Entertainment Value: As you’d expect from the Astron-6 team, Divorced Dad is a wild, often unhinged series. The show began on YouTube, but was soon banned from the platform, which is no real surprise. This kind of subversive, unpredictable content seems even more off the deep end in the YouTube world, where reaction videos and daily vlogs tend to dominate. Divorced Dad had a short run, but what a run it was and the episodes are pure gold, if you appreciate absurd, surreal humor. I think it helps if you have a built in appreciation for public access television as well, as the show is steeped in that world and its conventions. The passion for the tech and atmosphere of public access is more than evident, but I don’t see this as simple nostalgia at all. I think Divorced Dad builds on the tropes and aesthetics involved, to create a kind of new vision that amplifies those elements. I imagine some will be confused and others will just be mortified, but I had a lot of fun with these episodes. As with any show, some work better than others, but Divorced Dad is well recommended.
The cast of the show is small and within that handful of performers, only two are featured as regulars. Matthew Kennedy and Gilles Degagne are the central stars of the series and are present in all of the episodes, while the other talents are only around for one shot appearances. Kennedy should be a familiar face to Astron-6 fans, as he is in those movies and other indie productions, always fun to watch and an enthusiastic performer. He brings a unique persona to Divorced Dad and has his moments to shine, though he is often upstaged by Degagne. This is to be expected however, as Kennedy is often the straight man or the one reacting to what is going on, while Degagne is an inferno of chaos in most episodes. Degagne has the awkward, nervous presence down quite well, which really pays dividends in the Man2Man interview segments, but also in general scenes shared with Kennedy. In any event, both are fun to watch here and Degagne is just a madman most of the time.
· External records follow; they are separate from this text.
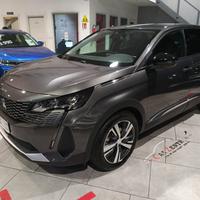 PEUGEOT 3008 BlueHDi 130 S&S EAT8 Allure Pack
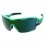 Gafas De Sol Scott Spur Verde Lente Verde Chrome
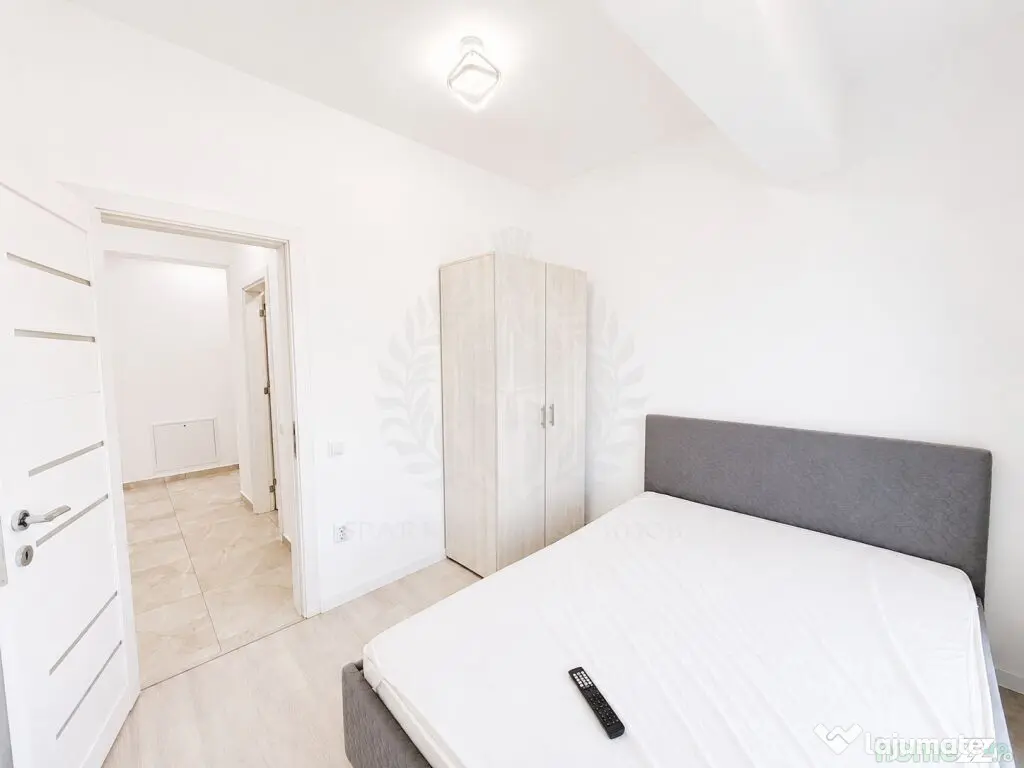 Apartament 3 camere, bloc nou, Rezidential Real Resort,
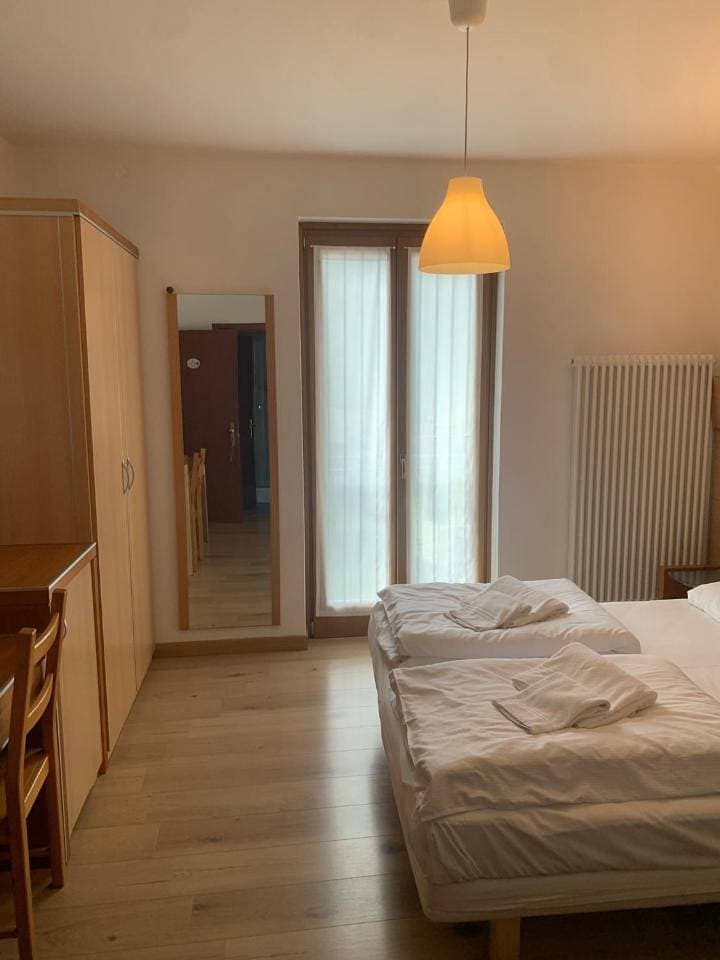 Foto 7 von 16: Double or Twin Room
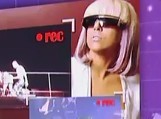 ladygaga演唱会狂呕不止 是宿醉还是怀有身孕？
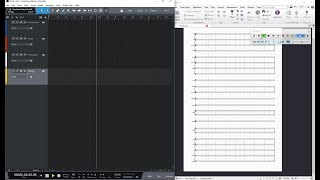 Unlocking Sibelius: Part IV - Into the DAW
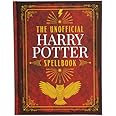 The Unofficial Harry Potter Special Edition Spell Book Hardcover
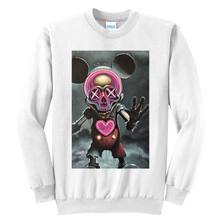 Load image into Gallery viewer, Art Society MICKEY-Z CREW SWEATSHIRT VOL.1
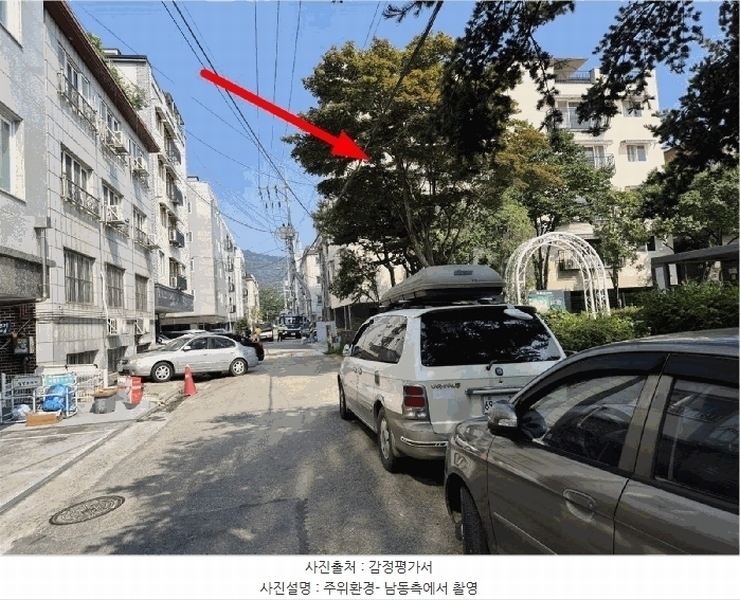 2025타경694 경기도 안산시 상록구 안산천동로3길 13, 아이버리타운 4층 402호 다세대(빌라) 경매 이미지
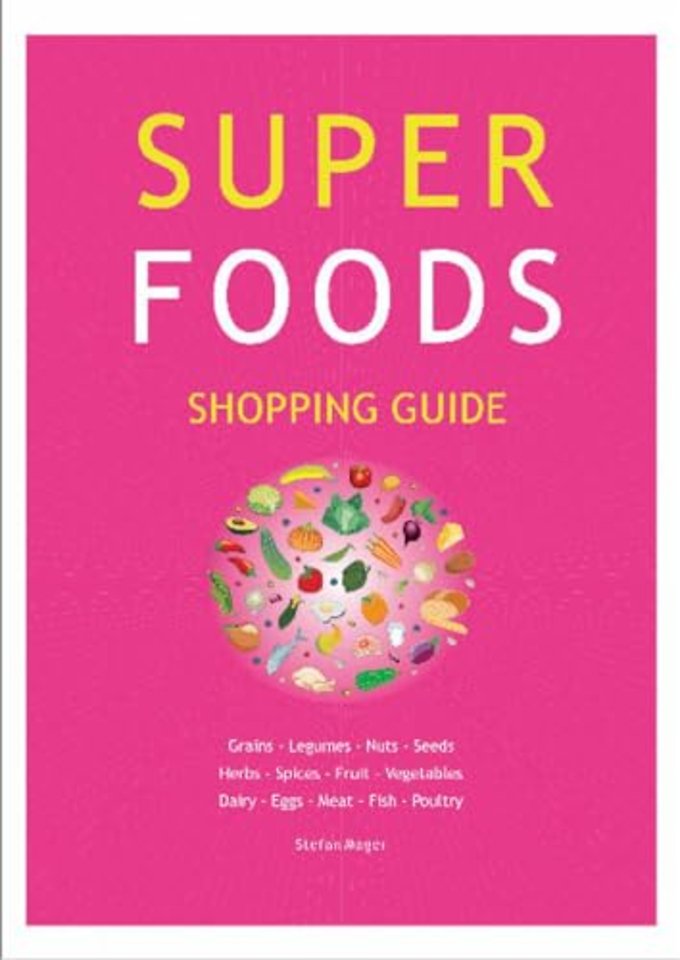 Aracaria Super Foods Shopping Guide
The Disc: Kino Lorber has launched Divorced Dad on Blu-ray, with all seven episodes included, two of which were never shown. So we have the entire run and while the episodes look good, you have to keep in mind the degraded visuals and general design approach taken here. But I have to think the show looks as good as possible, given the intended look involved. As for extras, we have audio commentaries to share insights on the bizarre episodes, alternate footage for some sequences, a Santa Claus segment, and Chowboys, the Astron-6 short. I think fans will devour all of these supplements, but the short film is an especially welcome inclusion. Kino Lorber has given the show the red carpet treatment, terrific work here.